Our mother's health was not good, and being a single mother, she had to work to support herself and four children. Our grandmother could help with two, but not four grandchildren. Our brother was sick, and our youngest sister was only 2 years old, too young to go to the Orphans' Home. My other sister was ready to go into kindergarten, and I was about to begin sixth grade. Mother had a very tough decision to make, and decided that my 5-year-old sister and I would fare better than the little one or the sick one, so she sent us to the Orphan's Home. She then moved to Claremore, with the other two, to be near our grandmother.

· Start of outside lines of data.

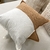 ALMOHADON DE TUSOR 50 X 50 - comprar online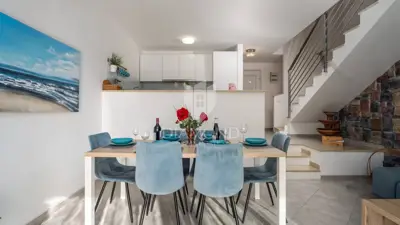 House for sale in Umag, 91 m² - 12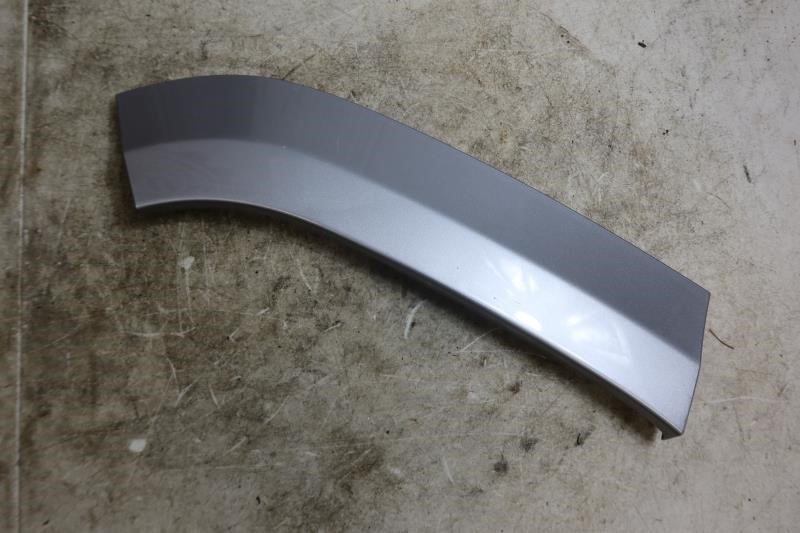 2014-2022 Jeep Grand Cherokee OEM Rear Passenger Side Quarter Flare 1PC76TZZAF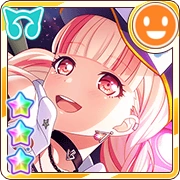 Matching Meals T icon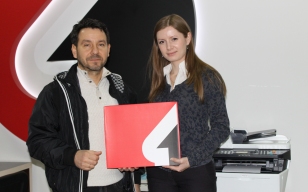 PRIMUL CLIENT PRIME CAPITAL A REUSIT CU SUCCES SA INCHIDA CREDITUL!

My sister and I were taken from our home in Wagoner, to the downtown office of the Baptist Orphans' Home in Oklahoma City. There we met Mr. Howard and Jimmy French. Jimmy was one of the “big boys” and drove the old bus that took us out to the Home.

It was supper time when we arrived. The dining room was in the basement of the girl's building. It had a low ceiling, and bare concrete floors. The tables had benches built on the sides. The dishes were metal (enamelware). There were approximately 150 or more people in there eating supper. The noise coming up from there scared us...we were already scared stiff! I have described what my sister and I walked into the evening of the second Tuesday in June, 1928.

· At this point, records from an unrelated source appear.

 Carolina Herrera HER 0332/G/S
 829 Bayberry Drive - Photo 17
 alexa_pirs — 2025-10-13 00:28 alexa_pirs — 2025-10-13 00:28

Mrs. Mansfield met us, and introduced us to those at one table. One of those girls and I are still good friends, writing or calling each other frequently. You know, I don't remember another meal in that dining room. A beautiful new dining room with a chapel over it was being built. In it we had white table cloths, napkins, china dishes, and real glasses to drink from. And, oh yes! Chairs for 10 at a table. It was so nice and pretty. One afternoon before we moved in, many kids volunteered to wash the new windows (we got out of our afternoon quiet hour), we were two to a window; one inside and one outside.

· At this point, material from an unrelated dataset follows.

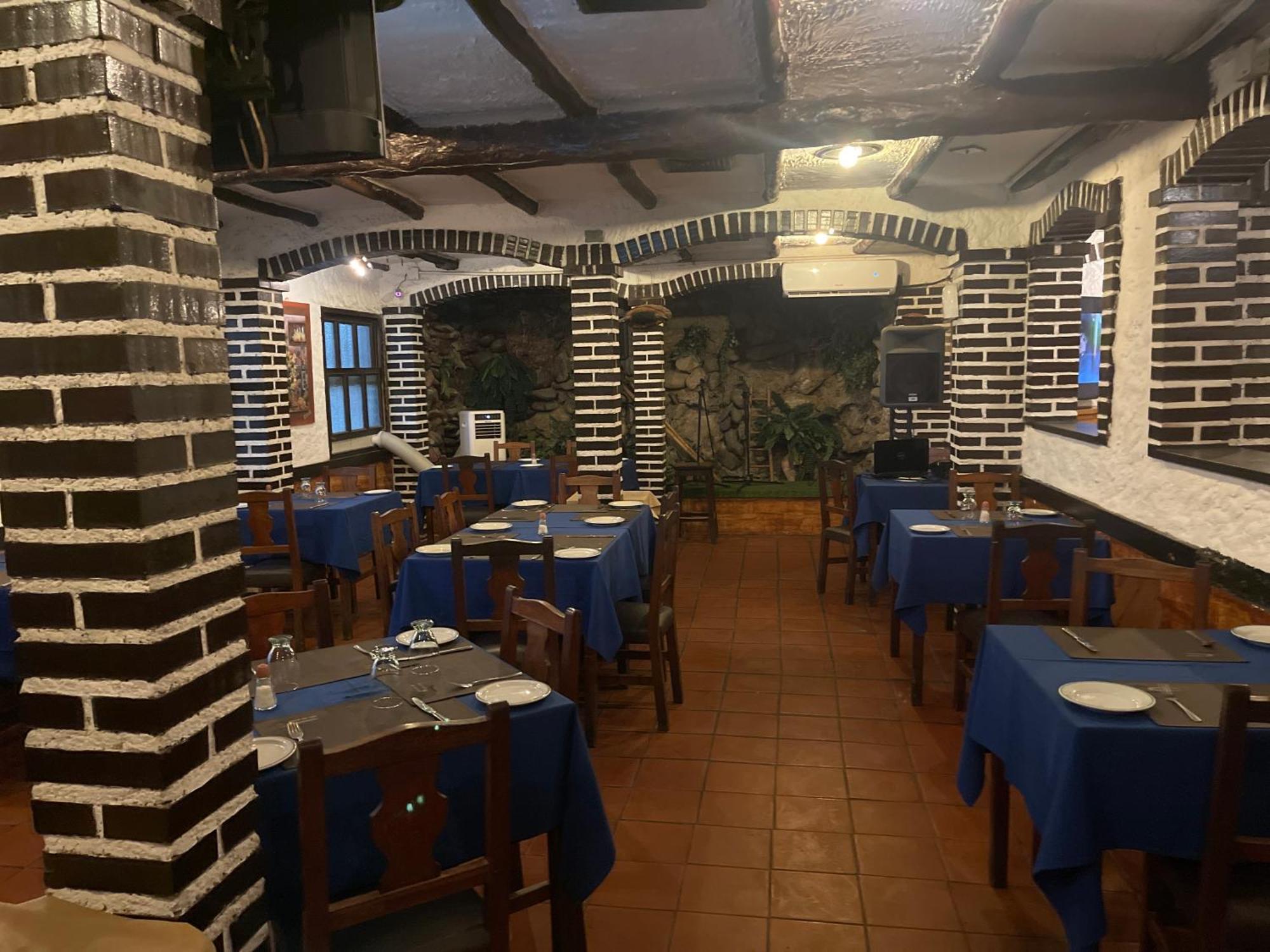 Hotel Brisas Del Mar 2022 Catia La Mar Екстериор снимка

The first thing they did was separate my sister and me. In the old North building, she was taken to live downstairs and I was upstairs. We were so crowded that they put us three to a bed. When it was “lights out,” and everyone was to be quiet, the girls in my room started telling these wild stories, whipped up for my benefit. I know they were meant to scare me, because the next week, we had another new girl in our dorm and those same stories were whispered again. That time, it was kinda funny. After a short time, I had made friends and things weren't so bad. I can't say I liked school at University Heights, but playing whip crack and such on the way to school was fun. One girl and I worked in the nursery and the kindergarten children were our responsibility. We were to take turns going home at noon and walking back to school with them. Rather than take turns, we both went every day and had each other for company and help. She was a fifth grader and we were good friends for many years.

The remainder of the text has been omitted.